EXERCISE INSTRUCTIONS: Below are entries; repeat exactly, and nothing else, the lines from the one holding "A bedroom with" through the one holding "a living room", inclusive. Leave the pictures out.

DATA SECTION:
-------

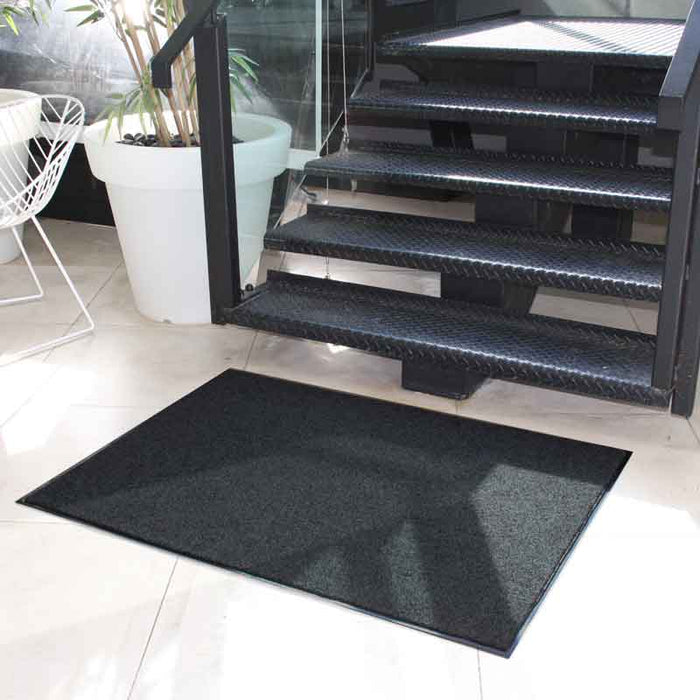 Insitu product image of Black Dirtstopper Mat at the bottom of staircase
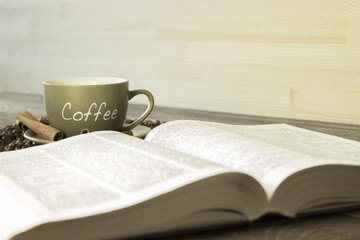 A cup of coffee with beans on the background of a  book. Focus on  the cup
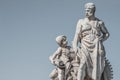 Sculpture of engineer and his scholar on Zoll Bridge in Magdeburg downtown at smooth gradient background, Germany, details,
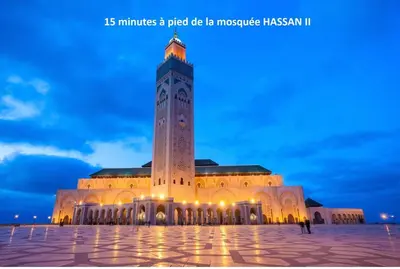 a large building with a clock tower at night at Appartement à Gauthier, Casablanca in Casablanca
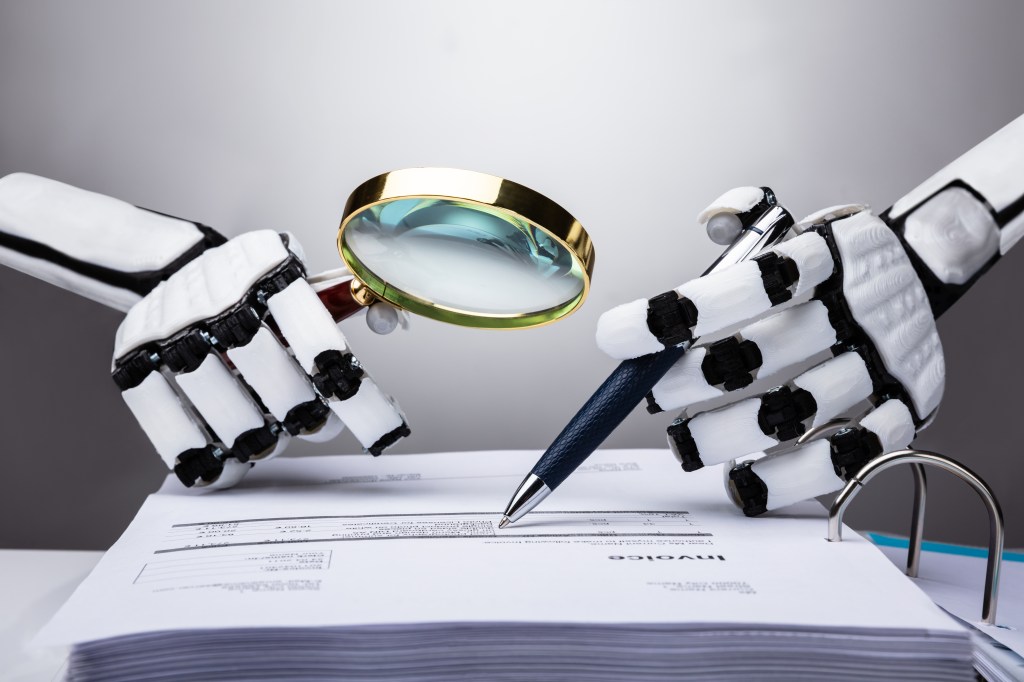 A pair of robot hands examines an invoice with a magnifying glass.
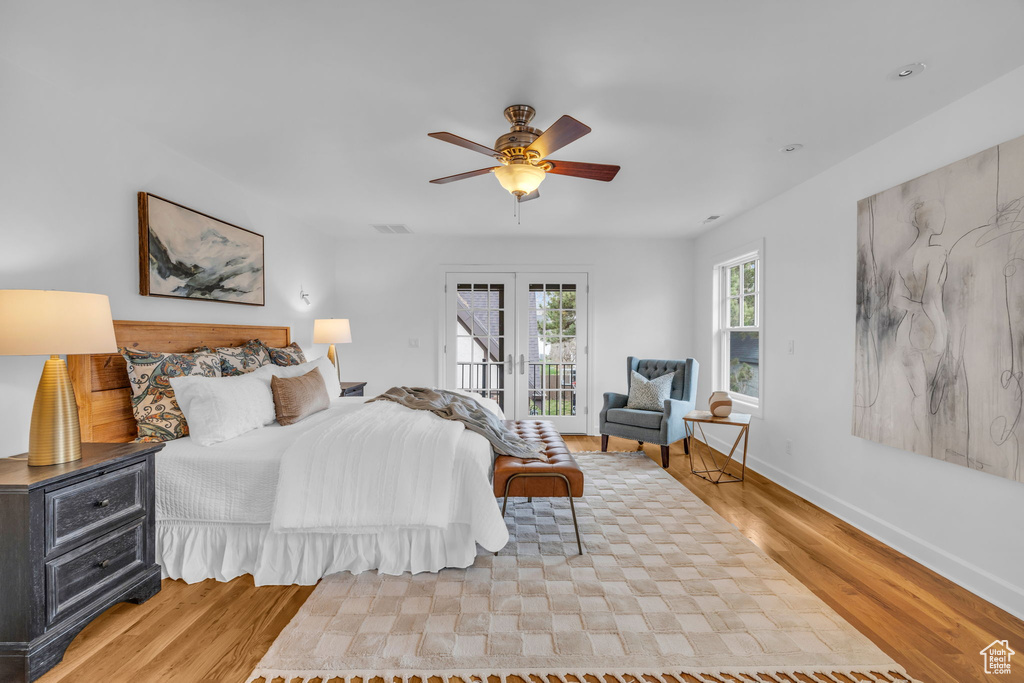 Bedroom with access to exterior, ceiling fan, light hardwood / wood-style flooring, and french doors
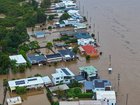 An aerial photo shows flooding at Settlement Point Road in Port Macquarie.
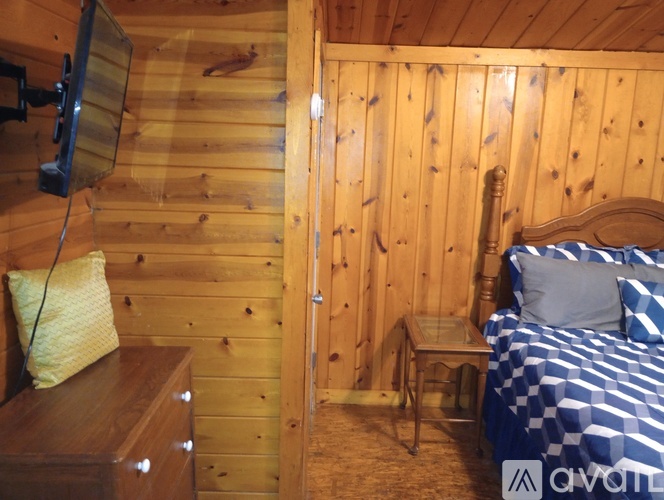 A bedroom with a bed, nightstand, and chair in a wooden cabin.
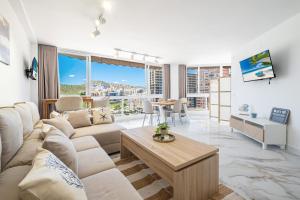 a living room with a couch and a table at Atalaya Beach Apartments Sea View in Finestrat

-------

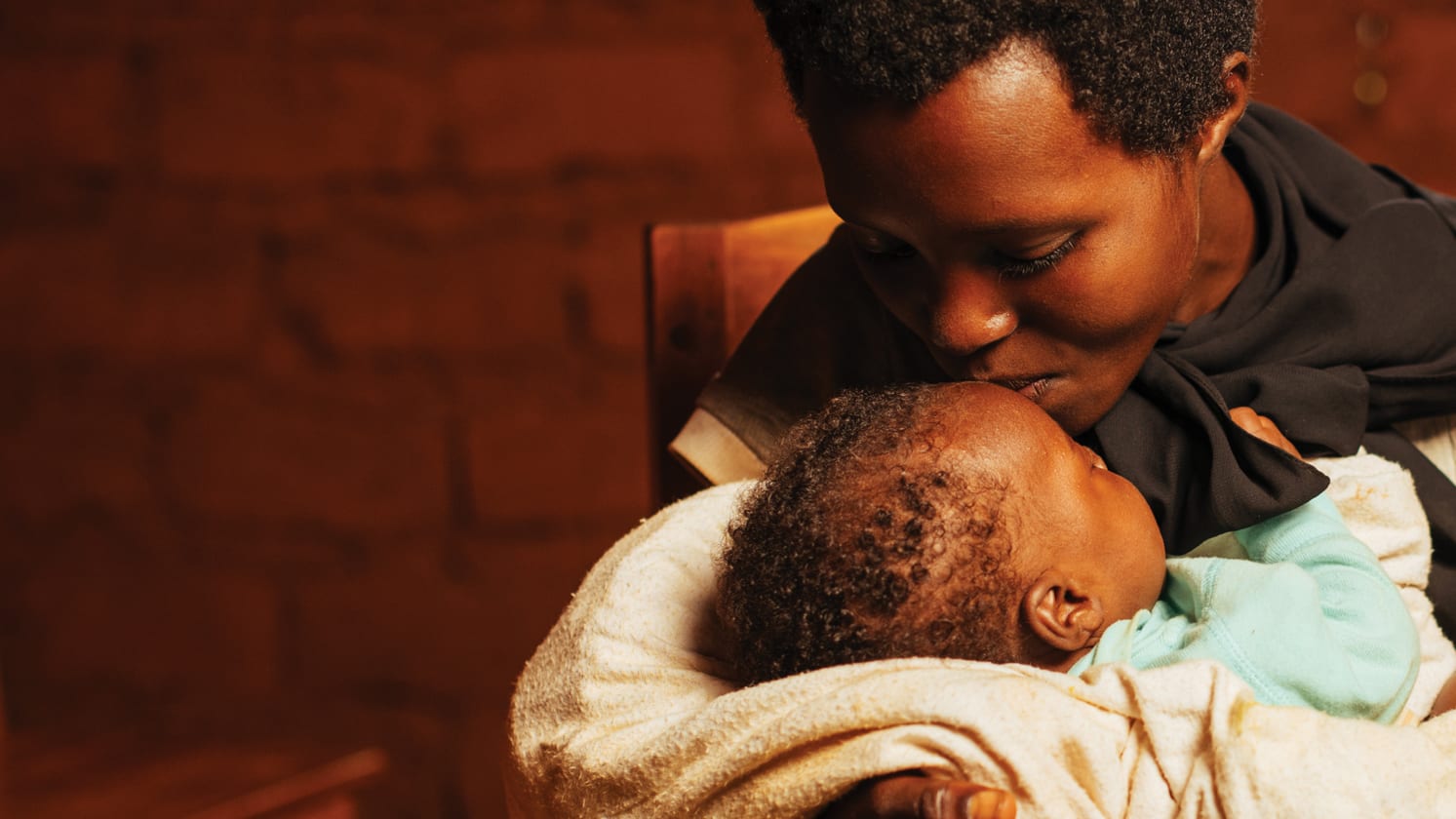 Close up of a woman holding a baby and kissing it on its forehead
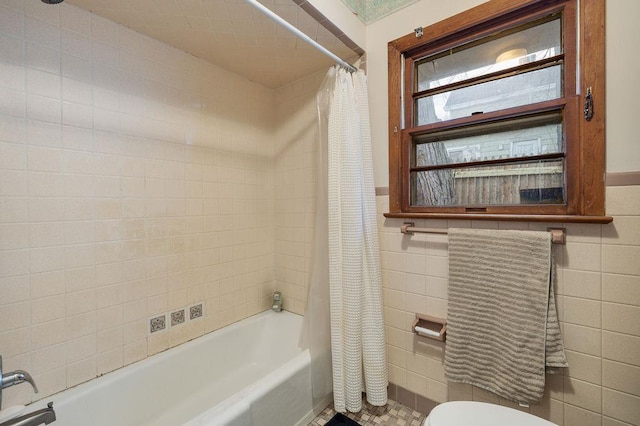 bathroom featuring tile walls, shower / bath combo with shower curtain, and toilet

-------

RESPONSE AREA:
 A bedroom with a bed, nightstand, and chair in a wooden cabin.
 a living room with a couch and a table at Atalaya Beach Apartments Sea View in Finestrat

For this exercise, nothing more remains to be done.